Start of Given entries

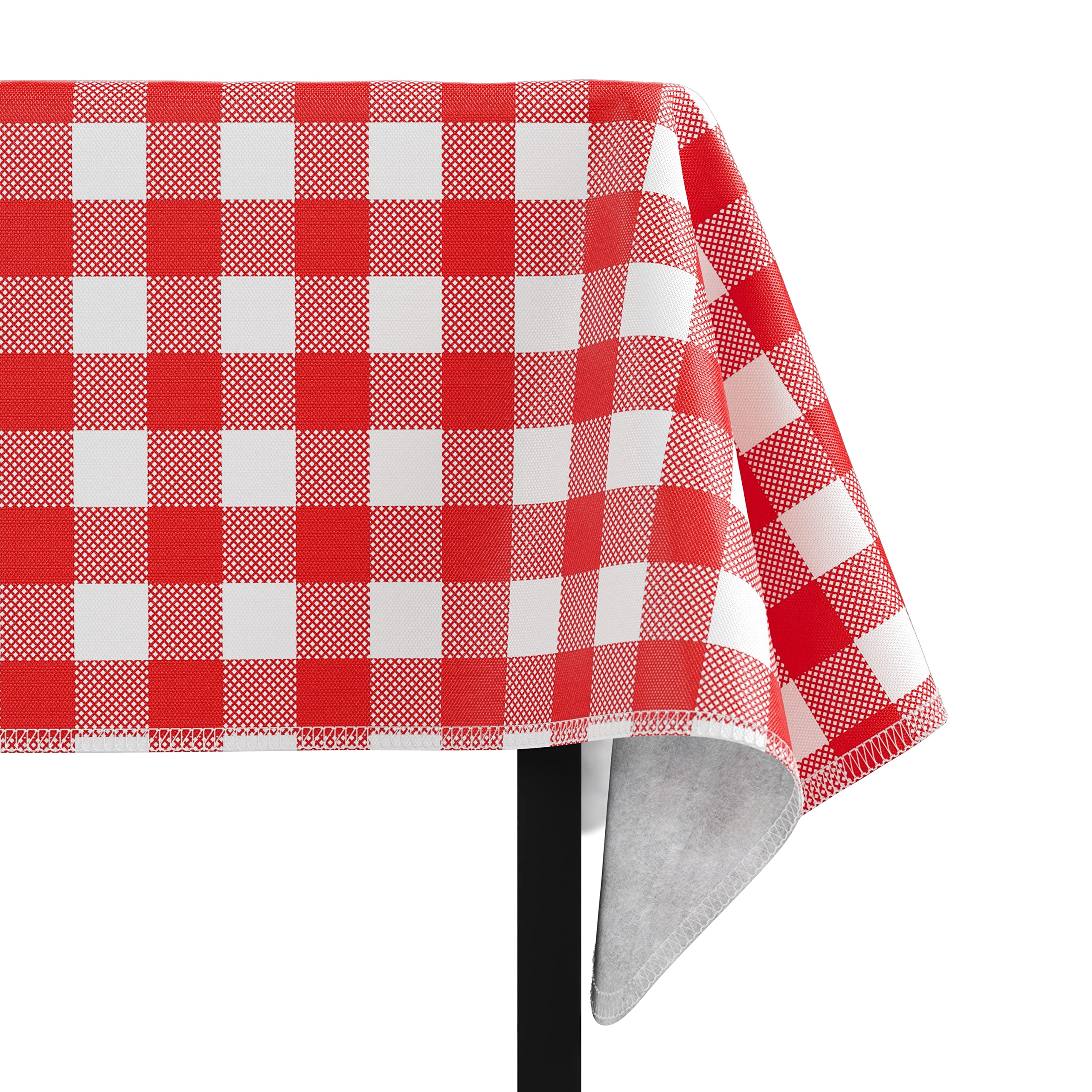 Red Gingham Flannel Backed Plastic Table Cover 54 In. x 108 In. | Case of 24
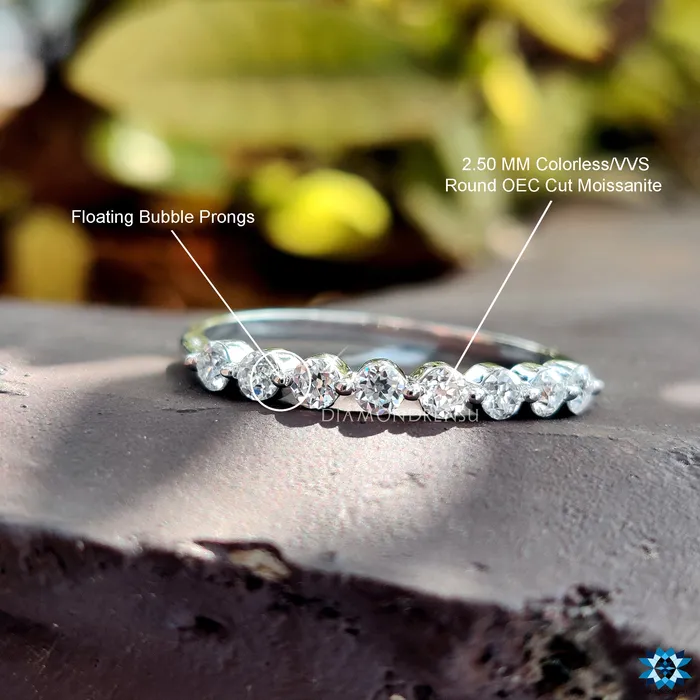 Rings Diamondrensu Round Old European Cut Colorless Moissanite Wedding Band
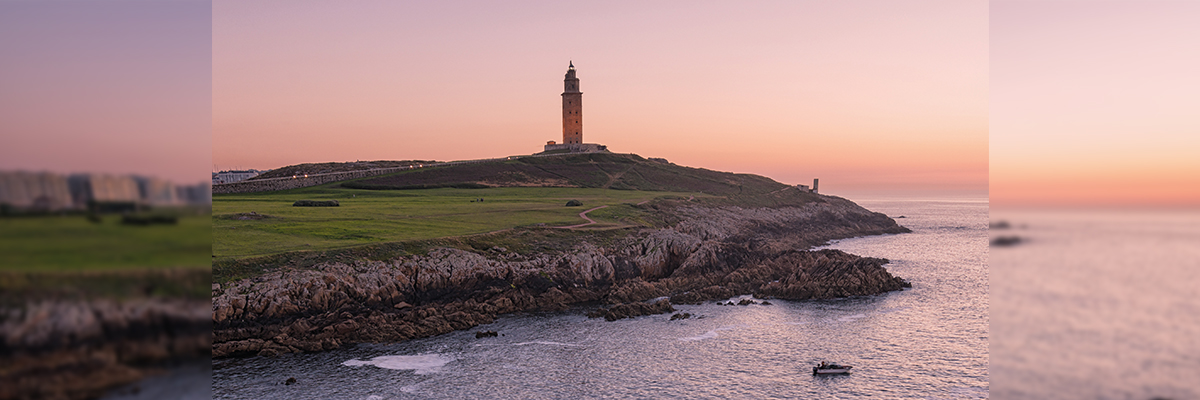 Vista del faro de Hércules en A Coruña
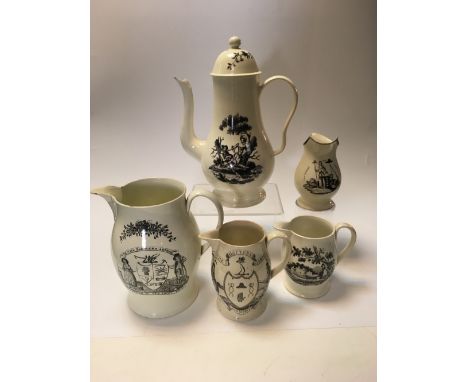 Various items of late 18th/early 19th century en-grisaille printed creamware pottery, to include a coffee pot and cover decor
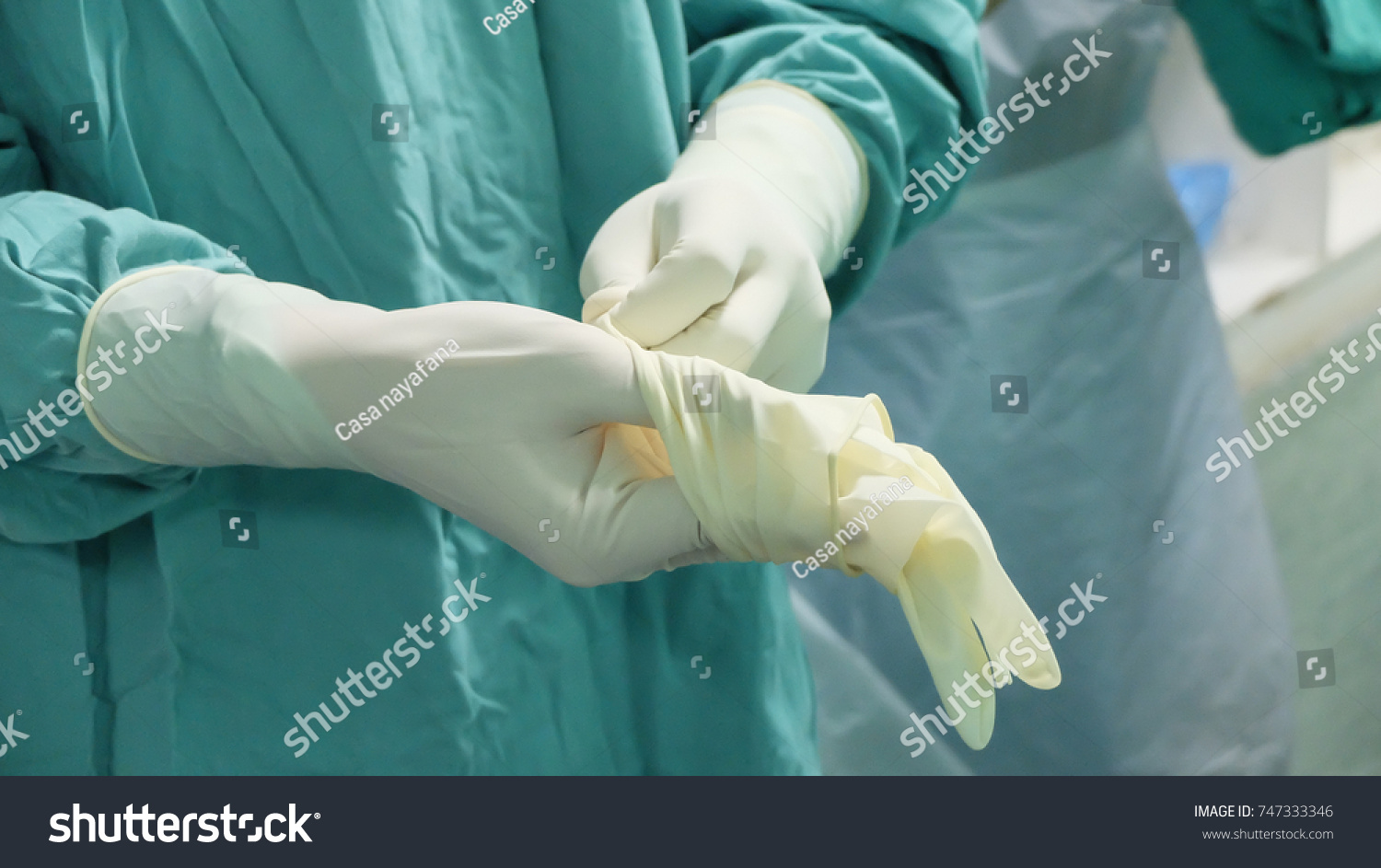 Preparation Before Surgery Including Scrubbing Gloving Stock Photo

End of Given entries

- About this task
Return the material above in exact form. Pictures stay out.

- Result for this exercise
 Red Gingham Flannel Backed Plastic Table Cover 54 In. x 108 In. | Case of 24
 Rings Diamondrensu Round Old European Cut Colorless Moissanite Wedding Band
 Vista del faro de Hércules en A Coruña
 Various items of late 18th/early 19th century en-grisaille printed creamware pottery, to include a coffee pot and cover decor
 Preparation Before Surgery Including Scrubbing Gloving Stock Photo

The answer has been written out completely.